There seems no possible alternative, therefore, to the obvious and simple explanation which ascribes the radiation to heat alone. If it were assumed that there exists diffused throughout the sodium vapour some substance capable of setting up

chemical reactions, it might indeed be imagined that a kind of cyclical process of alternate combination and dissociation takes place, the energy supplying the radiation being derived indirectly from the heated walls of the tube: these alternate changes being determined by differences of temperature in the reacting molecules, the cooler combining and the hotter dissociating, or vice versa. But it is practically certain that under the conditions of these experiments there must always be a large excess of sodium molecules over any others likely to produce such reactions, unless, indeed, hydrogen or nitrogen were to behave in this way towards sodium, and the spectroscopic evidence, as just explained, implies that all the free sodium molecules are concerned in the radiation.

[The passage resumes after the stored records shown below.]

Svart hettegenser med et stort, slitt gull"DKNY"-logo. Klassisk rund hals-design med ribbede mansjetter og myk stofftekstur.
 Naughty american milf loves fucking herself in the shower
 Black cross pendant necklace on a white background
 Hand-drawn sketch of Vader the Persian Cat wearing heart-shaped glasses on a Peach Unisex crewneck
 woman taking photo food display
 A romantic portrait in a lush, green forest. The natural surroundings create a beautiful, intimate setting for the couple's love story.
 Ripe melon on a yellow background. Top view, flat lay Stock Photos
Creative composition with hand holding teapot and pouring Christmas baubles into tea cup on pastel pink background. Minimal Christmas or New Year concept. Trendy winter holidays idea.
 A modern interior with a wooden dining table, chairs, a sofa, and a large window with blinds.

Or perhaps it may be further argued in support of the "chemical" origin of the radiation, that the sodium molecule is itself undergoing alternate dissociation and recombination. The reasons already given against this view in the case of iodine apply even more forcibly in this instance. Thus, if the radiation were due to such action, the intensity should follow the curve representing the change of relative vapour-density with temperature, rising to a maximum at the turning-point in this curve-indicating the greatest interaction between the atoms and the molecules-but falling away to zero when the point of complete dissociation is reached. Now the most reliable recent determinations of the vapour-density of sodium indicate that at about the temperature of melting cast-iron the vapour is entirely monatomic *: therefore, if we assume that at the lowest temperature of my experiments the atoms are more or less aggregated, the relative intensity of the D line, compared with the continuous spectrum of the glowing sides of the tube, should change as the temperature is increased, it should get brighter or fainter according as the actual temperature of dissociation is above or below the initial temperature of my experiments; and it should cease altogether if the temperature be raised to the point where the vapour becomes entirely monatomic.

But as a matter of fact there is no such change of relative intensity. As the temperature is increased from the point where the radiation begins to be seen, the D line follows strictly the continuous spectrum of the glowing tube: from the lowest to the highest temperature (a range of some 300 C. degrees), the gaseous radiation increases in intensity exactly in correspondence with the radiation from the solid, always keeping the same intensity (so far as the eye can judge) as the spectrum of the glowing tube.